Exercise aim
Retype, word for word, the line holding "Three hearts on" and every line below it to the end of the listing. Leave out the pictures.

Extracted material

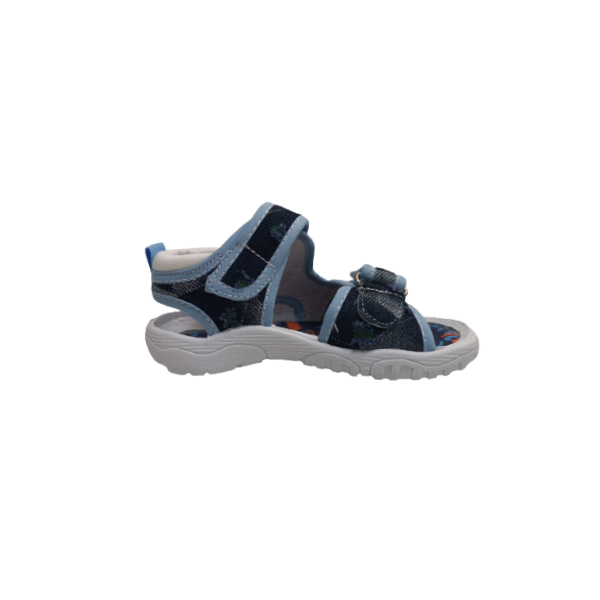 Sandaletti bambino jeans con velcro in fresco tessuto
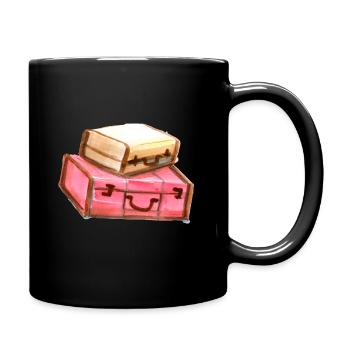 Zirkus Aquarell Koffer - Tasse einfarbig - Schwarz - Rechts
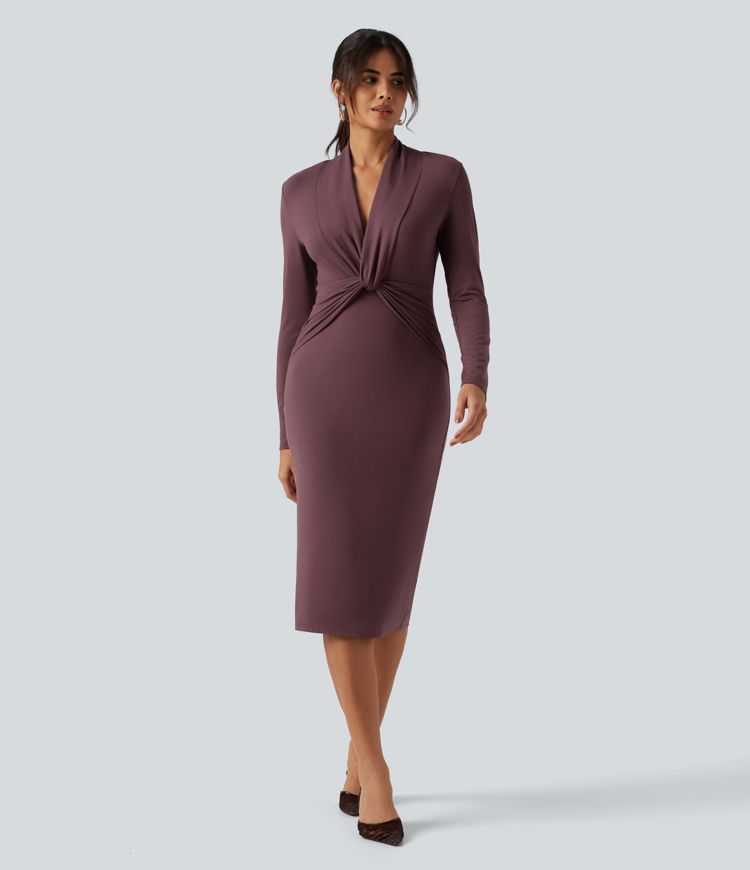 V Neck Long Sleeve Twisted Bodycon A-Line Midi Party Dress V Neck Long Sleeve Twisted Bodycon A-Line Midi Party Dress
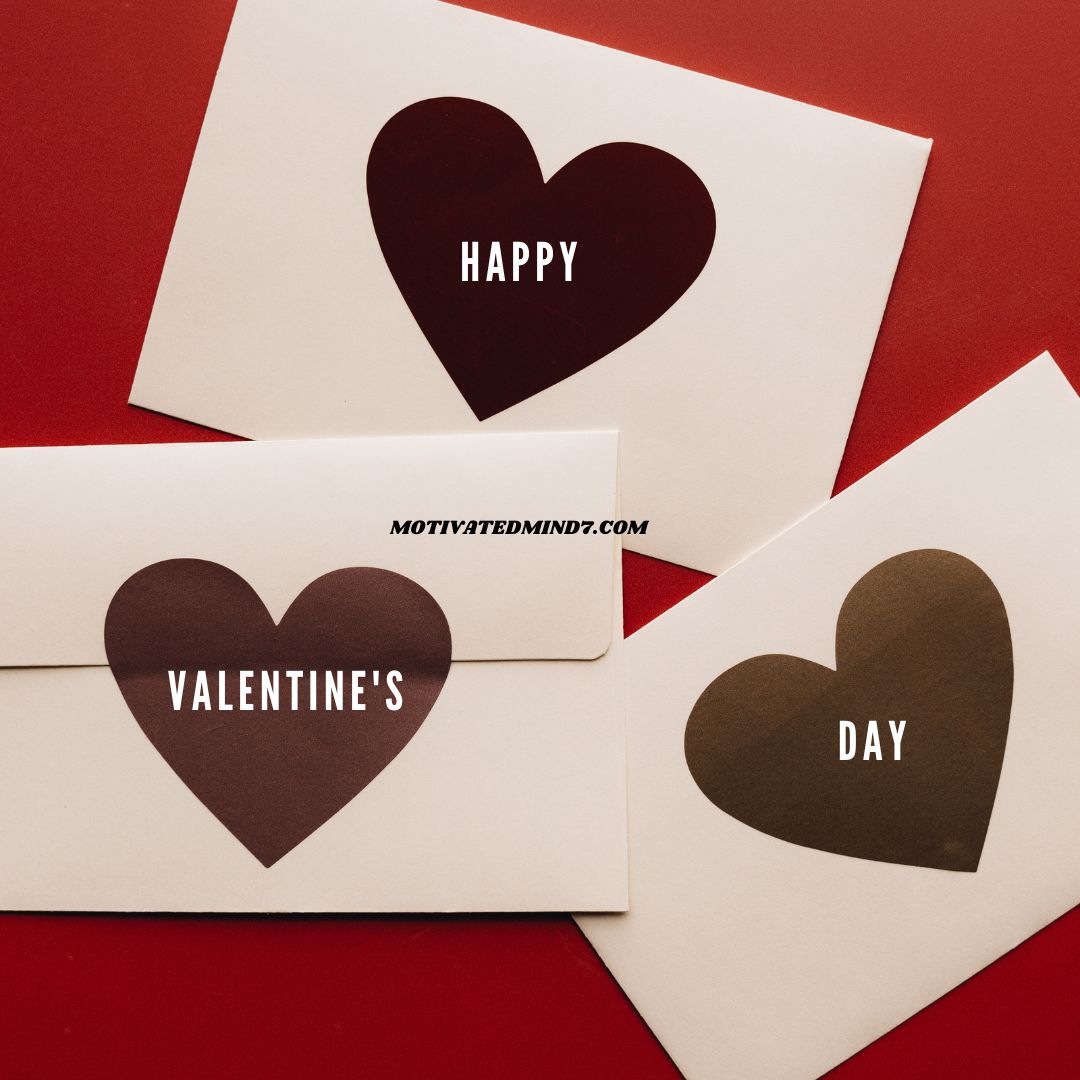 Three hearts on separate envelopes written over their happy valentine's day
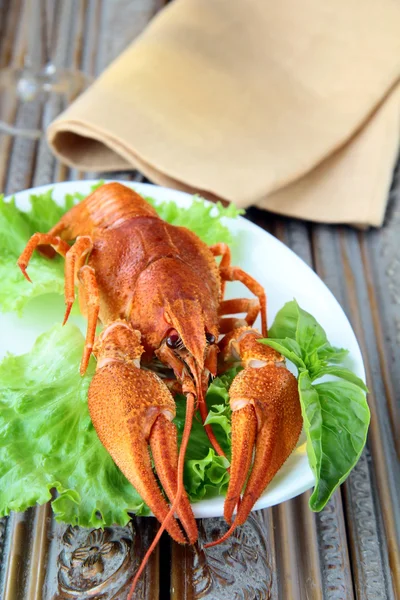 stock image Whole cooked lobster with salad garnish on a plate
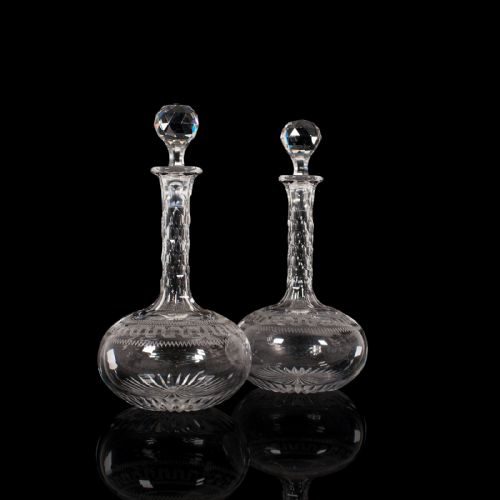 Pair Of, Antique Decanters, English, Glass, Spirit Vessel, Victorian, Circa 1900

Solution to the problem
 Three hearts on separate envelopes written over their happy valentine's day
 stock image Whole cooked lobster with salad garnish on a plate
 Pair Of, Antique Decanters, English, Glass, Spirit Vessel, Victorian, Circa 1900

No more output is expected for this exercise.